Short text fragments from websites:
──────────

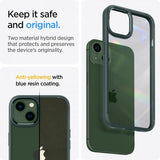 Spigen iPhone 13 Deksel Ultra Hybrid Midnight Green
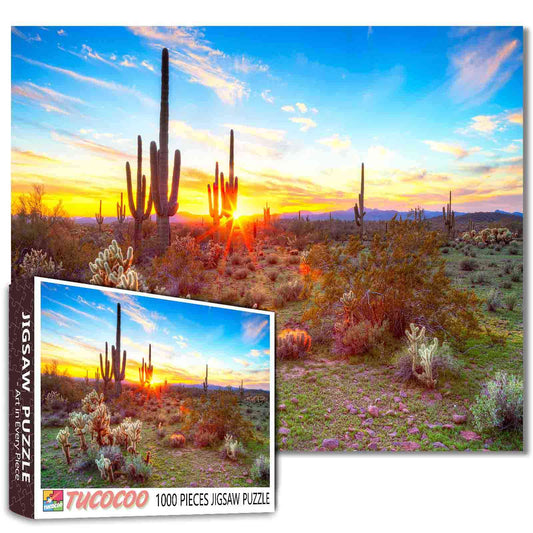 Arizona Desert Saguaro Cacti Jigsaw Puzzle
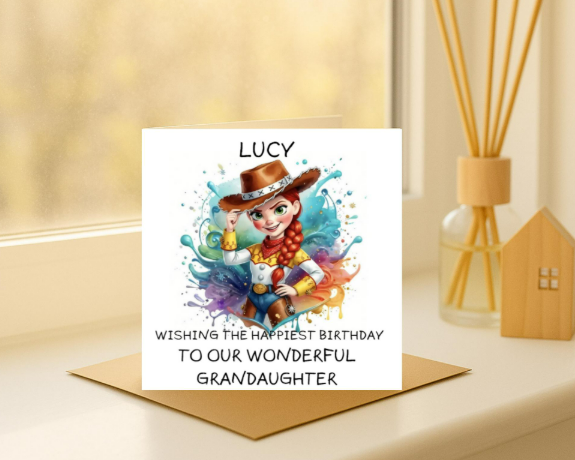 Personalized jessie  Birthday Card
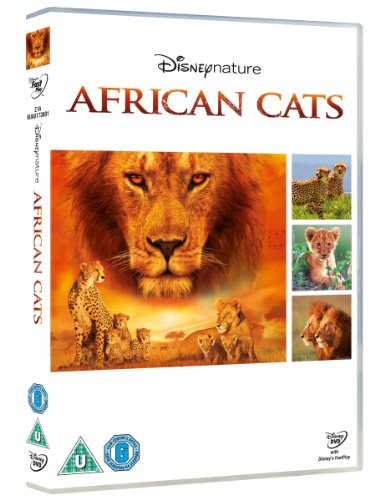 "White DVD case with a lion's face and smaller animal images on the cover."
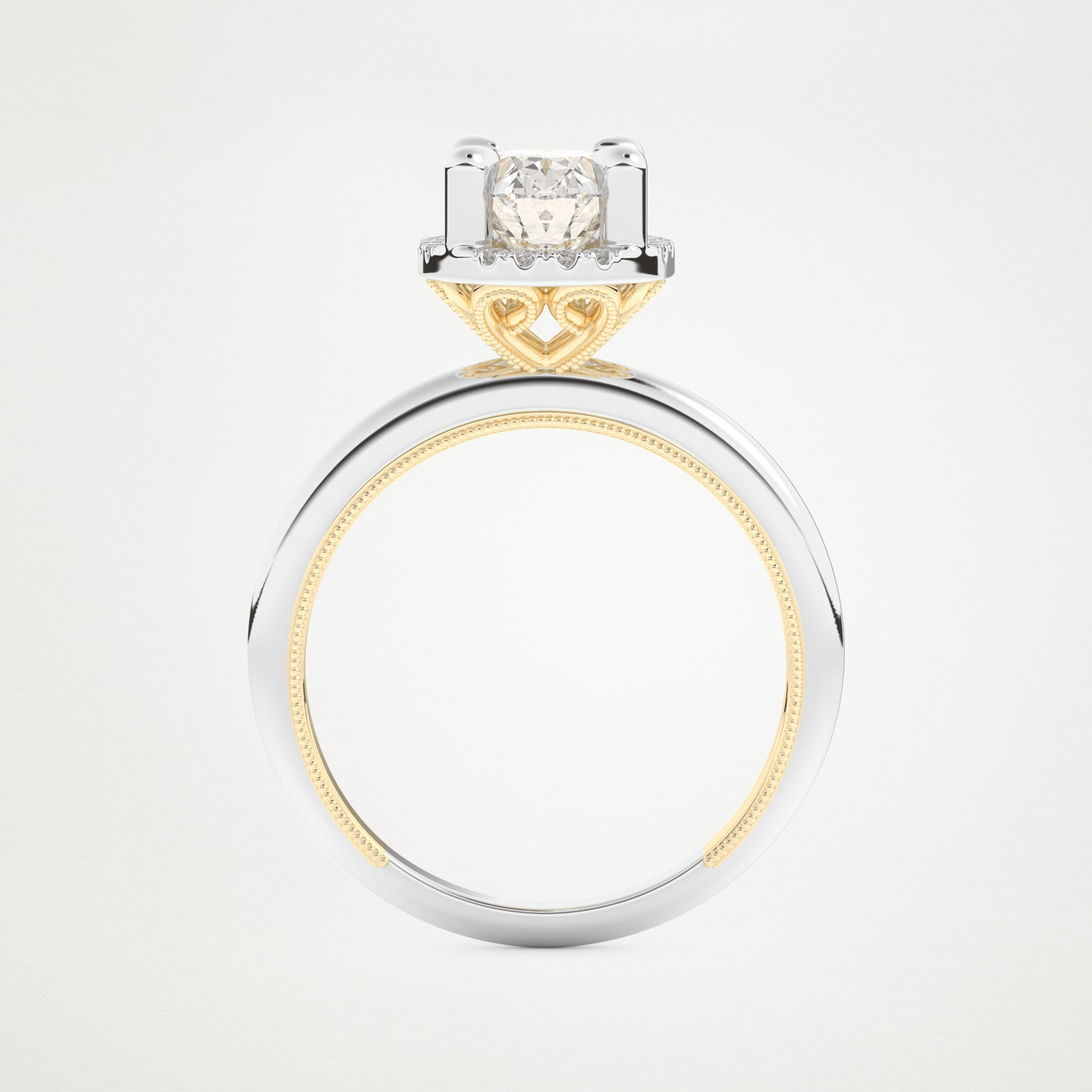 Oval Cut Moissanite Halo Engagement Ring – 1.5 CT Lab-Created Brilliance in 10K/14K/18K Gold
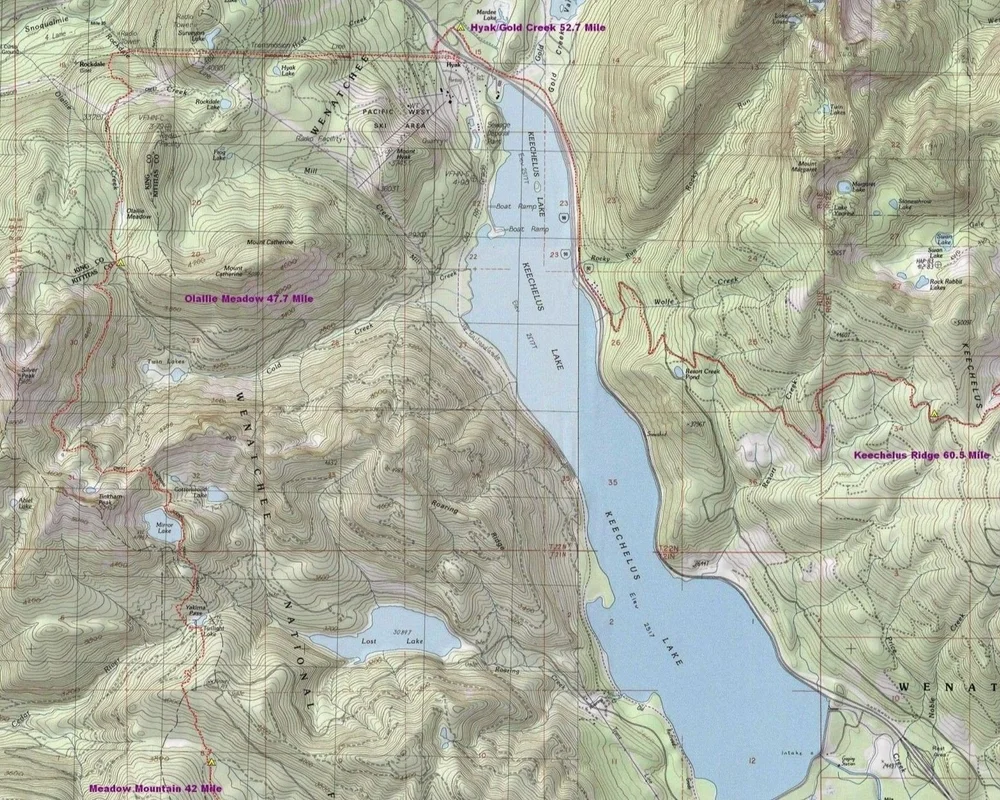 Course Maps | Race Info for Cascade Crest 100 — Cascade Crest 100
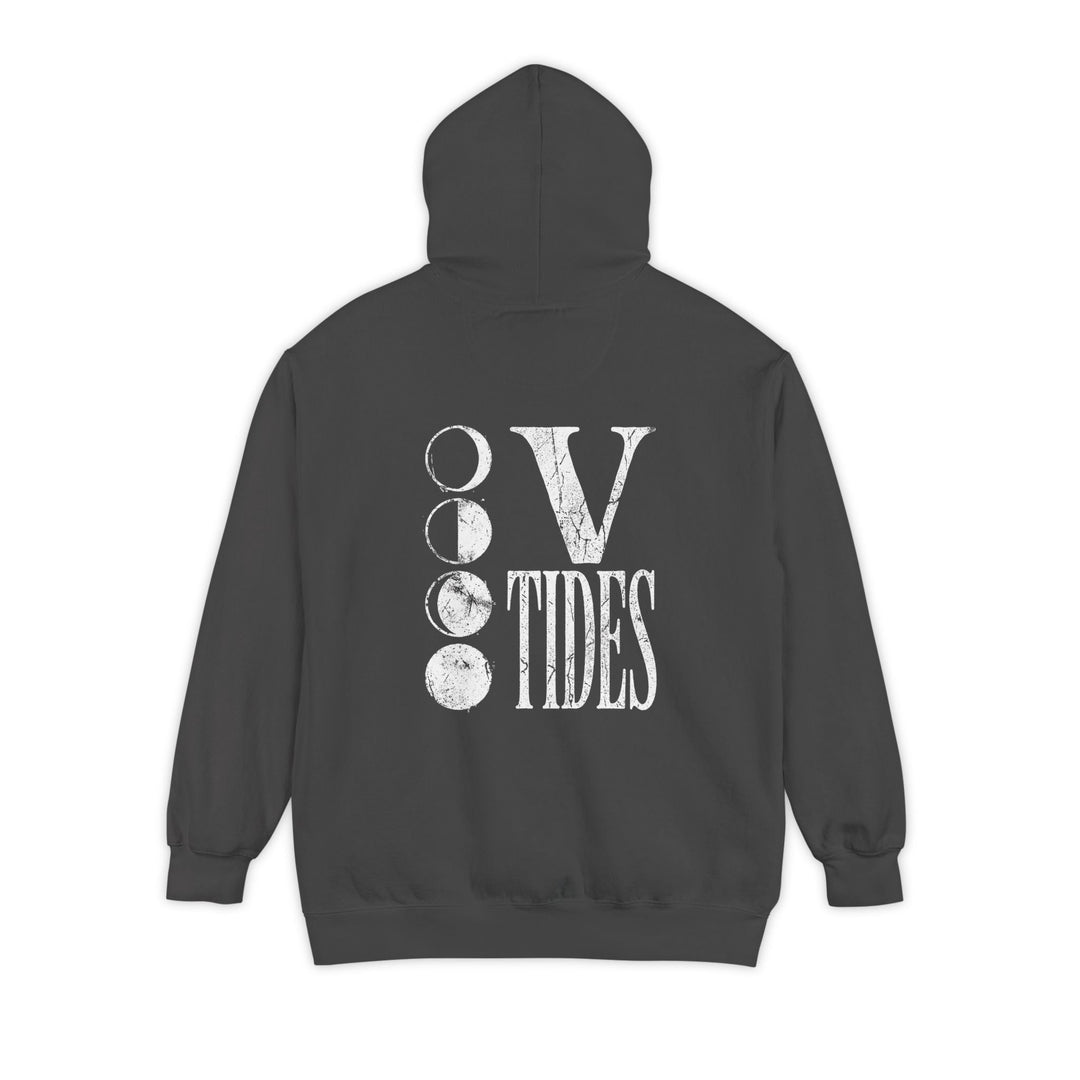 Dark gray hoodie with &
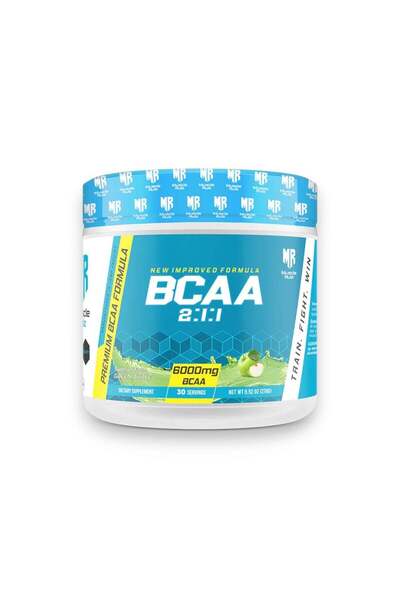 Muscle Rulz تركيبة BCAA ممتازة، 6000 ملغ، بنكهة التفاح الأخضر، 300 غرام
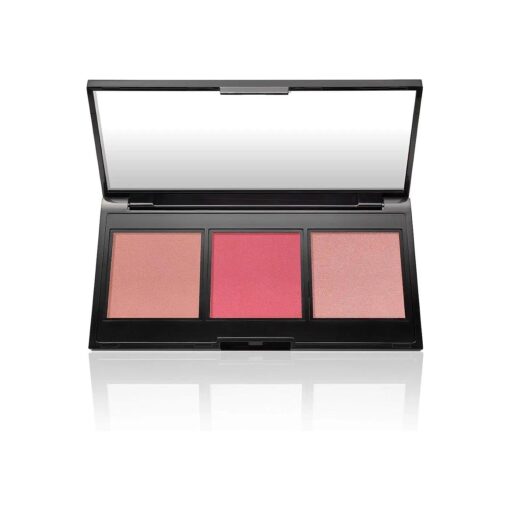 LAURA GELLER NEW YORK Multitasking Eye Lip Cheek Palette Cream to Powder Trio, Pink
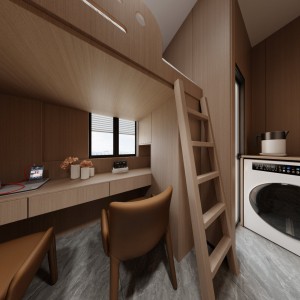 西半山The UNIcon維港臻寓studio尊贵LOFT单人房，独卫独厨洗衣机电梯洋房，港大旁最强学生宿舍会所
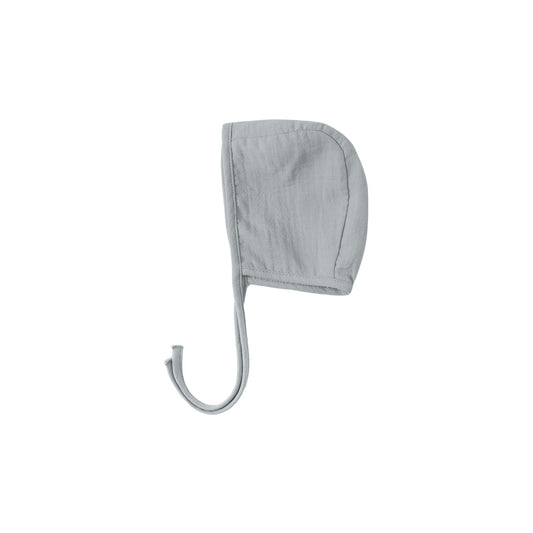Steel Blue Woven Bonnet - Quincy Mae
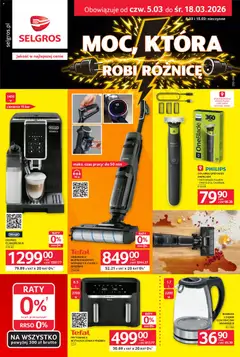 Pogląd oferty "Selgros cash&carry gazetka - Elektro AGD" - ważna od 05.03.2026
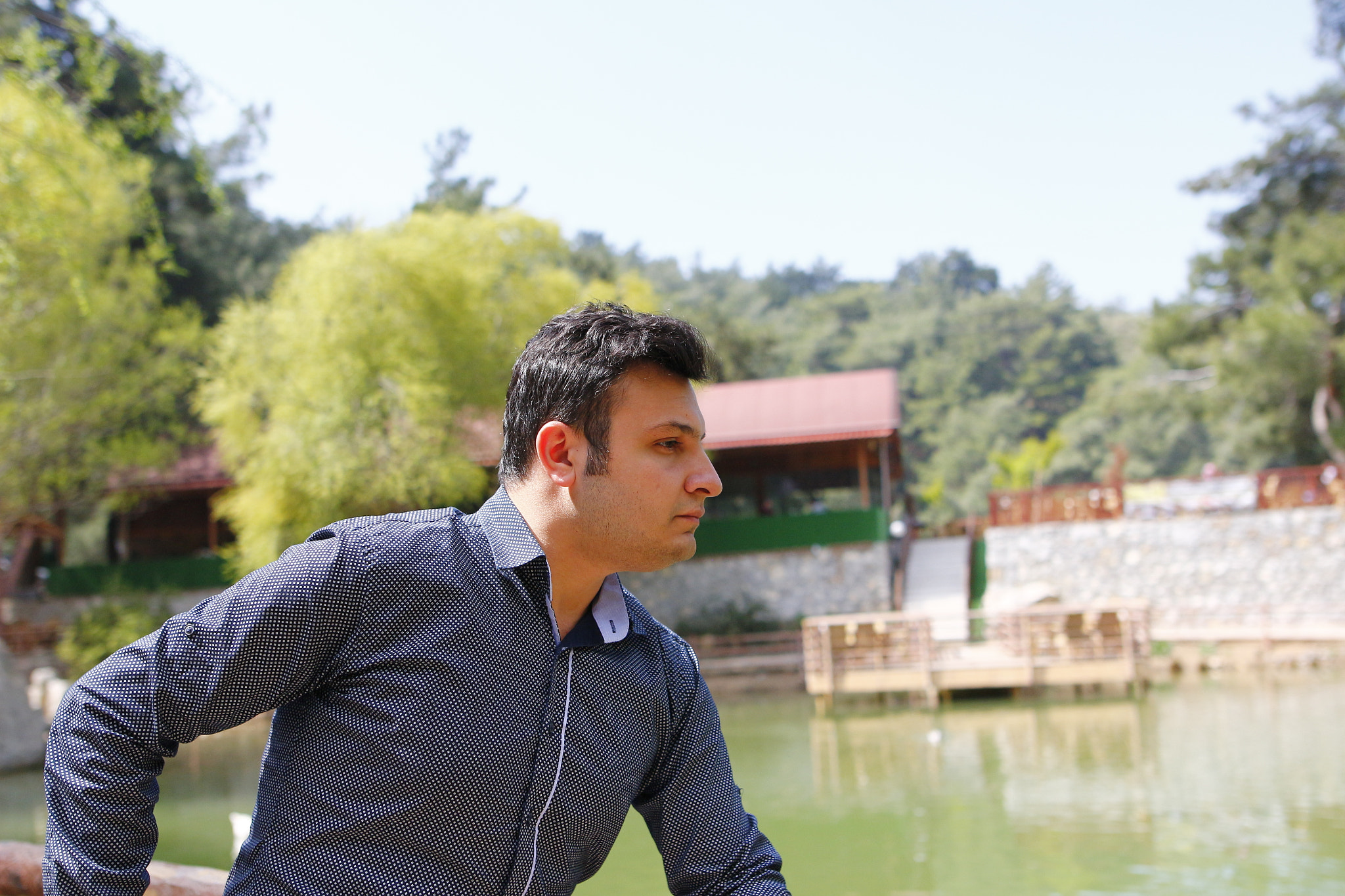 Sigma 24mm F1.4 DG HSM Art sample photo. Thoughtful man photography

──────────

> YOUR ASSIGNMENT
Each entry above should be copied exactly. The pictures should not.

> OUTPUT OF THE TASK
 Spigen iPhone 13 Deksel Ultra Hybrid Midnight Green
 Arizona Desert Saguaro Cacti Jigsaw Puzzle
 Personalized jessie  Birthday Card
 "White DVD case with a lion's face and smaller animal images on the cover."
 Oval Cut Moissanite Halo Engagement Ring – 1.5 CT Lab-Created Brilliance in 10K/14K/18K Gold
 Course Maps | Race Info for Cascade Crest 100 — Cascade Crest 100
 Dark gray hoodie with &
 Muscle Rulz تركيبة BCAA ممتازة، 6000 ملغ، بنكهة التفاح الأخضر، 300 غرام
 LAURA GELLER NEW YORK Multitasking Eye Lip Cheek Palette Cream to Powder Trio, Pink
 西半山The UNIcon維港臻寓studio尊贵LOFT单人房，独卫独厨洗衣机电梯洋房，港大旁最强学生宿舍会所
Steel Blue Woven Bonnet - Quincy Mae
 Pogląd oferty "Selgros cash&carry gazetka - Elektro AGD" - ważna od 05.03.2026
 Sigma 24mm F1.4 DG HSM Art sample photo. Thoughtful man photography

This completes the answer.